Provided material:

·····

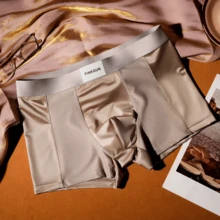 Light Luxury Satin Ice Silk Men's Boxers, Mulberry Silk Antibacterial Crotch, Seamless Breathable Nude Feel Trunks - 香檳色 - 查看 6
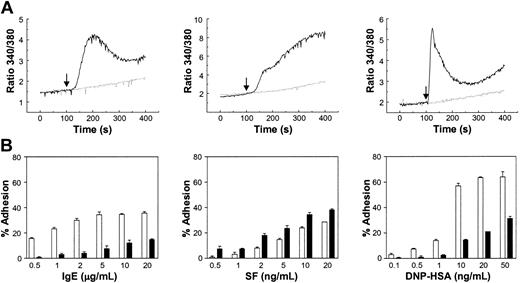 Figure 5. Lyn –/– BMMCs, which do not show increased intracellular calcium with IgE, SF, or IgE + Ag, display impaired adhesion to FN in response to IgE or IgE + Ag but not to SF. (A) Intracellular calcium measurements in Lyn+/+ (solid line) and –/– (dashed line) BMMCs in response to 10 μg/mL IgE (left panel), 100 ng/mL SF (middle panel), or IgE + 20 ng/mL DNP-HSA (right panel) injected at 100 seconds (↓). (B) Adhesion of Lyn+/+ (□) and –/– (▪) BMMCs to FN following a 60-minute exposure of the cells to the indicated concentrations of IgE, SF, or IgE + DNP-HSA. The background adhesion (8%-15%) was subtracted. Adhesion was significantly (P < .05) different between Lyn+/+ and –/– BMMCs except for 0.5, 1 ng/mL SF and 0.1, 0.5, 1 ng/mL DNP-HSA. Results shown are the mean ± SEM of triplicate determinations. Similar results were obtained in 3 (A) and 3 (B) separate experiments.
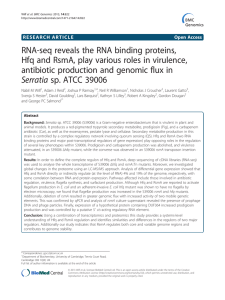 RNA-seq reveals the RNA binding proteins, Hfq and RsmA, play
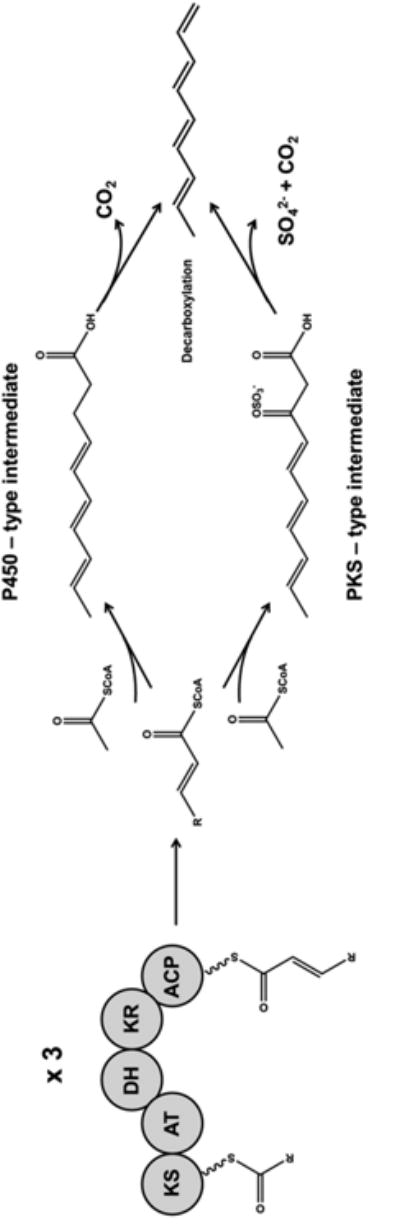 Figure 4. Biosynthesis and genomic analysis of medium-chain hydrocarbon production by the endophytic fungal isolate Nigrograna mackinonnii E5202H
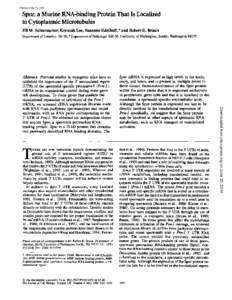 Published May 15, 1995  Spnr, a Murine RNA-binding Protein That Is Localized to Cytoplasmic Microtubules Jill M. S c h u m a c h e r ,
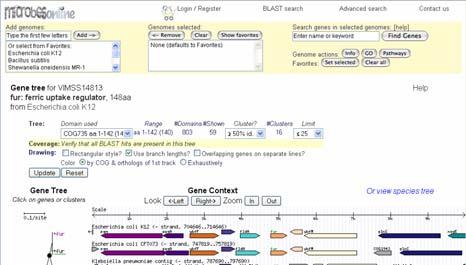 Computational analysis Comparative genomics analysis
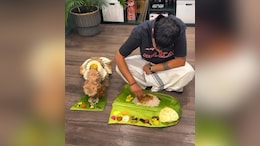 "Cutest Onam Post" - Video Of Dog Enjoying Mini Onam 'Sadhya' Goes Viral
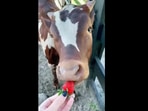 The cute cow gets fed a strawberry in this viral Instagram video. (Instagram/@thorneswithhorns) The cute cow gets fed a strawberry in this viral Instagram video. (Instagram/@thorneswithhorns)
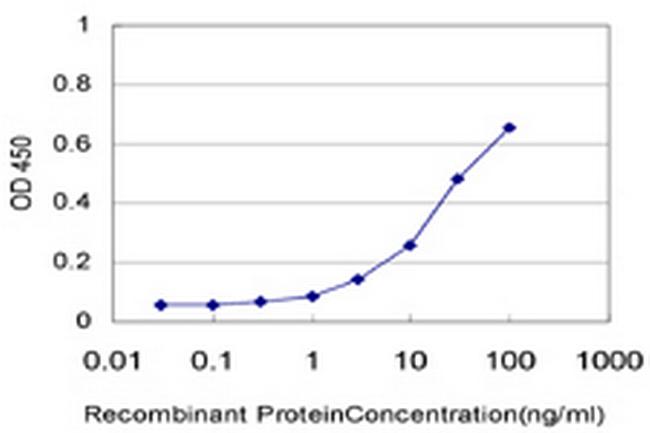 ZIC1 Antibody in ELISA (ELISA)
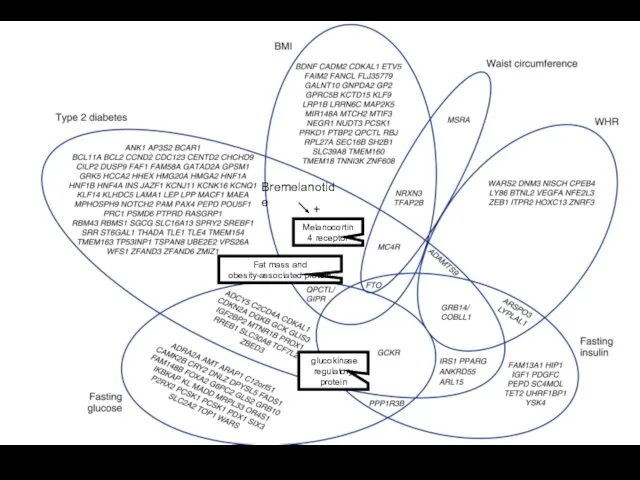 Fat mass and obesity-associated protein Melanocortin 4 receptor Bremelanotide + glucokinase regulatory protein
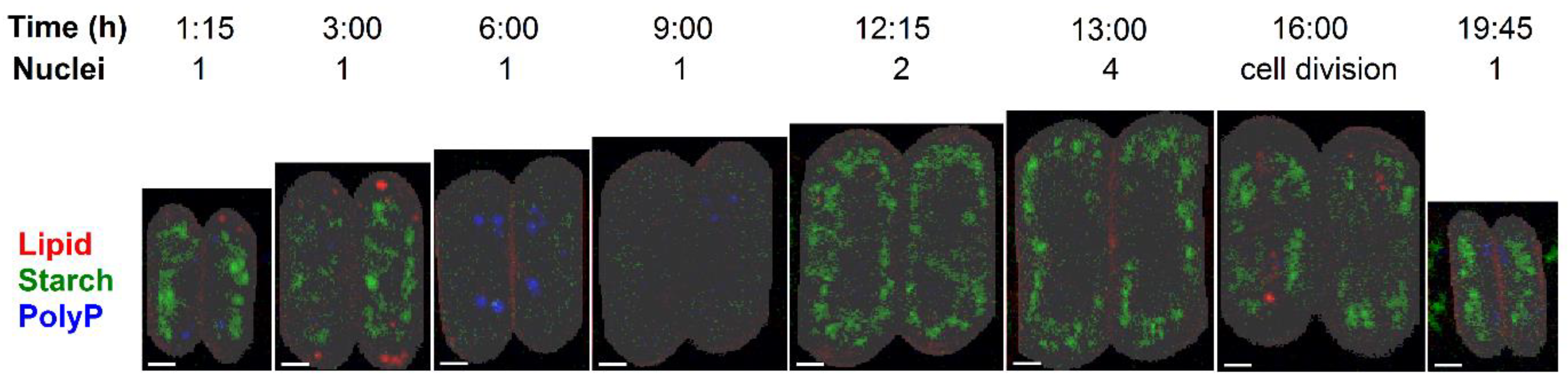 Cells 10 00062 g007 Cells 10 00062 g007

·····

What is required:
Only the pictures stay out; the rest of the entries above must be written out exactly.

Written solution:
 Light Luxury Satin Ice Silk Men's Boxers, Mulberry Silk Antibacterial Crotch, Seamless Breathable Nude Feel Trunks - 香檳色 - 查看 6
 Figure 5. Lyn –/– BMMCs, which do not show increased intracellular calcium with IgE, SF, or IgE + Ag, display impaired adhesion to FN in response to IgE or IgE + Ag but not to SF. (A) Intracellular calcium measurements in Lyn+/+ (solid line) and –/– (dashed line) BMMCs in response to 10 μg/mL IgE (left panel), 100 ng/mL SF (middle panel), or IgE + 20 ng/mL DNP-HSA (right panel) injected at 100 seconds (↓). (B) Adhesion of Lyn+/+ (□) and –/– (▪) BMMCs to FN following a 60-minute exposure of the cells to the indicated concentrations of IgE, SF, or IgE + DNP-HSA. The background adhesion (8%-15%) was subtracted. Adhesion was significantly (P < .05) different between Lyn+/+ and –/– BMMCs except for 0.5, 1 ng/mL SF and 0.1, 0.5, 1 ng/mL DNP-HSA. Results shown are the mean ± SEM of triplicate determinations. Similar results were obtained in 3 (A) and 3 (B) separate experiments.
 RNA-seq reveals the RNA binding proteins, Hfq and RsmA, play
 Figure 4. Biosynthesis and genomic analysis of medium-chain hydrocarbon production by the endophytic fungal isolate Nigrograna mackinonnii E5202H
 Published May 15, 1995  Spnr, a Murine RNA-binding Protein That Is Localized to Cytoplasmic Microtubules Jill M. S c h u m a c h e r ,
 Computational analysis Comparative genomics analysis
 "Cutest Onam Post" - Video Of Dog Enjoying Mini Onam 'Sadhya' Goes Viral
 The cute cow gets fed a strawberry in this viral Instagram video. (Instagram/@thorneswithhorns) The cute cow gets fed a strawberry in this viral Instagram video. (Instagram/@thorneswithhorns)
 ZIC1 Antibody in ELISA (ELISA)
 Fat mass and obesity-associated protein Melanocortin 4 receptor Bremelanotide + glucokinase regulatory protein
 Cells 10 00062 g007 Cells 10 00062 g007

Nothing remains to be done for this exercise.